Through the adoption of innovative and appropriate applications, such as the food-processing component of the village workshop to be established during the demonstration phase, it is clear that tangible development benefits could be achieved, over and above those originally envisaged in this project. The successful development of the village workshop concept would then lead to successful replication and sustainability within Kabupaten Jayawijaya.

In Indonesia, there are some 24 million rural households without electricity. The provision of electricity to these households is a major priority for the Indonesian Government. In recent years some 800,000 households have been provided with a new electricity supply each year, primarily by being connected into a centralised electricity grid.

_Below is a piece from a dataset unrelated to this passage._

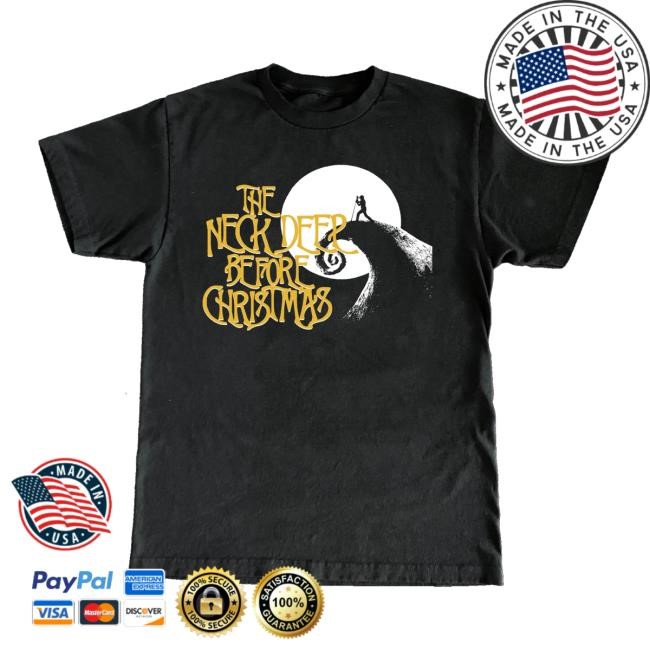 Neck Deep Merch Store The Neck Deep Before Christmas Crewneck Sweatshirt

A recent World Bank-funded study into solar-based rural electrification concluded that such systems could be an economically viable option for up to 25-40% of non-electrified households (ie. 6-10 million houses). Renewable energy technology typically has significantly less impact on the environment, both at a local and global level, than conventional energy sources (eg. coal, oil). By increasing the use of renewable energy where it is economically viable, the project will contribute to the twin goals of sustainable development and economic growth, particularly in the less economically endowed rural regions of Indonesia.

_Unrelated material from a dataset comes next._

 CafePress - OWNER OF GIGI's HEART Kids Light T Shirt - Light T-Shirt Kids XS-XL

D. Benefits derived from the activities implemented jointly project

Whenever possible, quantitative information should be provided. Failing that, a qualitative description should be given. If quantitative information becomes available, it could be submitted using the update(s). (If the amount of quantitative information is too large, the source could be indicated.)

Item

Please fill in

Describe environmental benefits in detail:

The aim is to increase the contribution of renewable energy in the mix of electricity generating options as community demand for electricity increases in step with their development, consequently avoiding the consumption of diesel fuel which is used to generate the electricity. The resultant reduction in diesel fuel consumption will have positive global environmental benefit through a reduction in emissions of greenhouse gases. There will also be local environmental benefits from a reduction in the use of diesel including a reduction in local air pollution and a reduced risk of spillage of diesel fuel, which could potentially have a major adverse impact in an environmentally sensitive environment (eg. coral reefs).

Do quantitative data exist for evaluation of environmental benefits?

Yes

Describe social/cultural benefits in detail:

As outlined in Section C, the project will deliver a wide variety of social benefits.

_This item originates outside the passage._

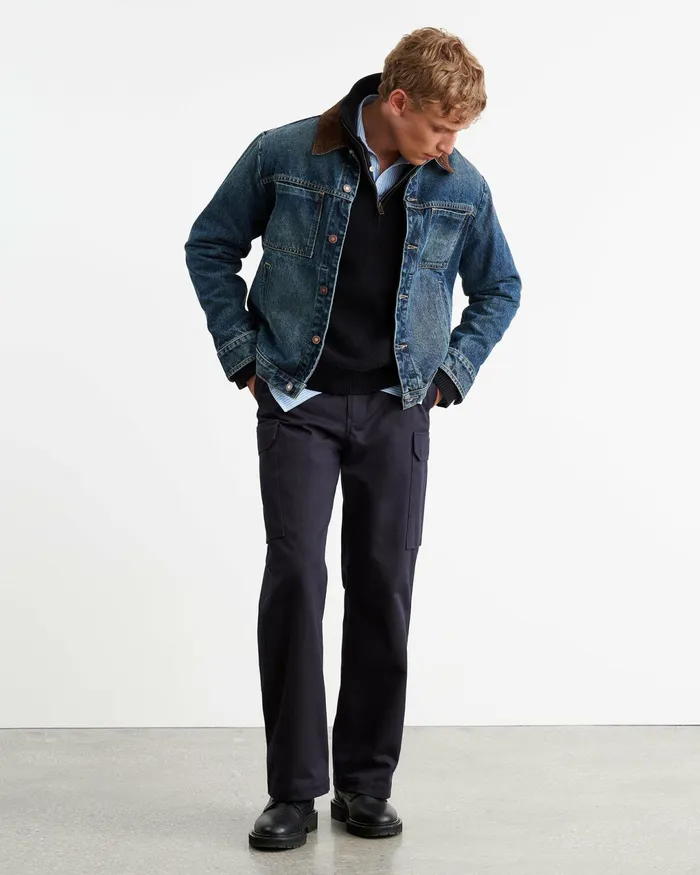 AXEL SWEATER Dark Navy Men Nili Lotan Sweaters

In addition, the project will have positive socio-economic benefits through the increase in local employment to service renewable energy systems. The project will also have a positive impact on the balance of payments of Indonesia by reducing the domestic demand for petroleum products (diesel) and enabling Indonesia to remain an exporter of crude oil. There are good prospects for attaining a high local content from the use of renewable energy systems. Even in this initial project, the micro-hydro component of the demonstration system will be sourced for Indonesia.

Do quantitative data exist for evaluation of social benefits?

No

Describe economic benefits in detail:

The renewable energy project will reduce costs of providing a 24-hour/day electricity supply to rural areas of Indonesia. The provision of a 24-hour/day electricity supply at relatively low marginal cost opens up the prospects for village-based industry. The establishment of a village workshop, which will process locally grown food and repair agricultural equipment, is an integral part of the project. Increased food security for the local community and the potential to contribute high quality food products to the wider region are medium term aims.

Do quantitative data exist for evaluation of economic benefits?

Information gathered from this project will enable an assessment to be made of the costs and benefits of renewable energy systems for rural applications, in general, and as a basis for rural industry development, in particular.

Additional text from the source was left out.